Literatura

Ante el dolor de los demás, de Susan Sontag

«Al ver las fotografías de un asesinato o de una crueldad, nos volvemos cómplices de la injusticia…»

Ilustración de Fernando García Álvarez

Ante el dolor de los demás, de Susan Sontag

Ana Cuandón

Los largos silencios durante una conversación, las lágrimas de repente o esa opresión blanca en el pecho son algunas expresiones sutiles de dolor que pocos reconocen. Acostumbrados al alarido y la sangre, el dolor sólo parece visible cuando escandaliza. La televisión se ha convertido en el escaparate del sufrimiento humano cuando satura sus programas con imágenes que desafían cualquier sensibilidad. Expuestos a este ataque emocional, la comprensión de los acontecimientos se reduce a una mera expectación. Pues en lugar de que cada imagen de dolor sea acompañada por un discurso que nos haga reflexionar sobre ella, un caudal de imágenes de otra índole sustrae nuestra atención y nos obliga a desentendernos de la obligación de pensar en lo que muestran. «Lo que parece insensibilidad tiene su origen en que la televisión está organizada para incitar y saciar una atención inestable por medio de un hartazgo de imágenes. El flujo de imágenes excluye la imagen privilegiada.

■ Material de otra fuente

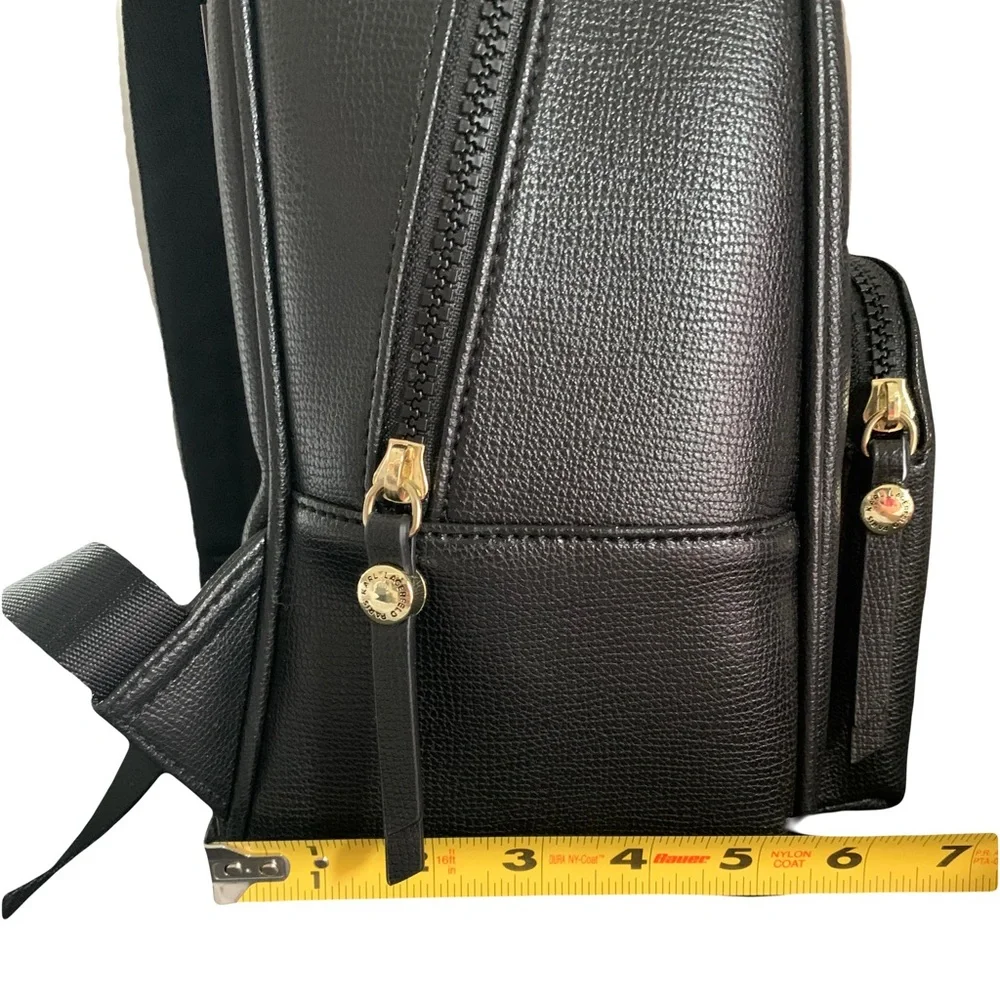 ⚜️Karl Lagerfeld Black Mini Backpack with Gold and Red Accents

Lo significativo de la televisión es que se puede cambiar de canal, que es normal cambiar de canal, sentirse inquieto, aburrido. Los consumidores se desaniman. Necesitan ser estimulados, echados a andar, una y otra vez».  Es así cómo, afirma Susan Sontag, vemos la imagen de una decapitación seguida de un gol y antecedida por la boda de una actriz famosa. Dentro de la categoría de entretenimiento, el dolor de los demás nos parece cotidiano e intrascendente. La superioridad del espectador reside en que, al estar distanciado del acontecimiento, puede voltear hacia otro lado la mirada en el momento que decida. Una posible ética del espectador sería, según la novelista y ensayista norteamericana, que el derecho de mirar «imágenes de semejante sufrimiento extremado» se reservara sólo a aquellas personas «que pueden hacer algo para aliviarlo –por ejemplo, los cirujanos del hospital­­– o las que pueden aprender de ella. Los demás somos mirones, tengamos o no la intención de serlo».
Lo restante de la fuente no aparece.